I say that on behalf of the ordinary or semi-skilled worker, but I would also like to draw the Minister's attention to the inadequate wage, in my opinion, that is being paid to forest overseers and technicians who have been trained in forestry work in the forestry college at Avondale. I am sure that all of these men had to have a certain standard of education before they passed into the college. Having spent a certain amount of time in the college, they are allocated to certain areas, and not alone are they responsible for the practical work of planting, but they are also responsible for the administrative work in their respective spheres of forestry activities in their own particular county.
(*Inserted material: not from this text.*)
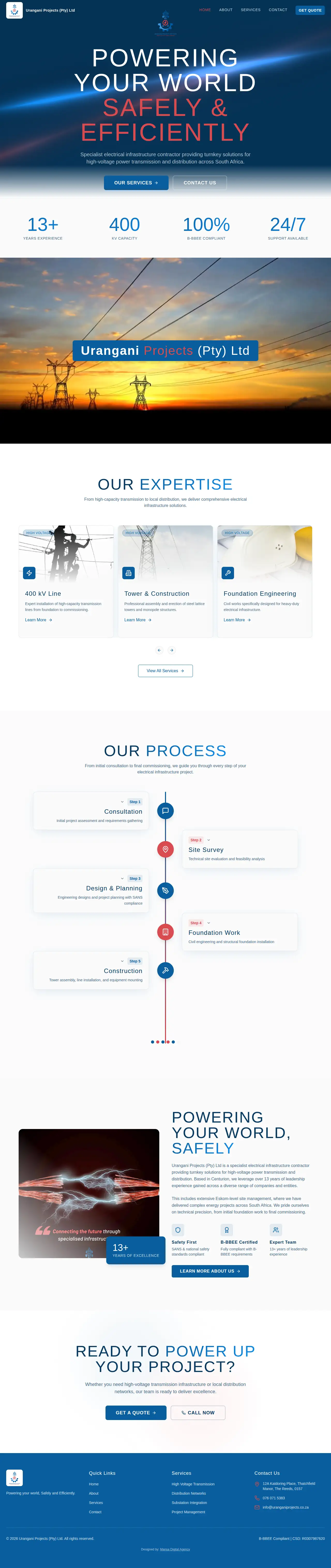 Urangani Projects website designed by Mansa Digital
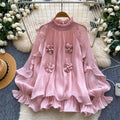 French chic floral ruffle blouse - women's summer loose fit long sleeve lantern sleeve top - ageless & elegant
Those men are responsible for keeping time sheets; they are responsible for paying wages, keeping the accounts, etc., and I think that if the Minister got down to it and investigated the conditions under which those men are working: taking into consideration the fact that they are an educated body of men, in the first instance, that they have been trained as technical experts in forestry, in the second instance, he would see the force and reasoning of my argument and, perhaps, he would in his own good time see that those individuals receive a proper wage, commensurate with the work that they give to the State, thereby ensuring that in that county, at any rate, which is the home of forestry at the moment so far as this country is concerned, the forestry worker, let him be an ordinary semi-skilled worker or a technical expert, will receive a wage that will make him happy and contented. In that way we would ensure that at some future date, we would arrive at that happy position where reafforestation will have reached a point where it will be, not alone a benefit from the climatic point of view, but also where it will be of material benefit to the country from both the commercial and industrial point of view.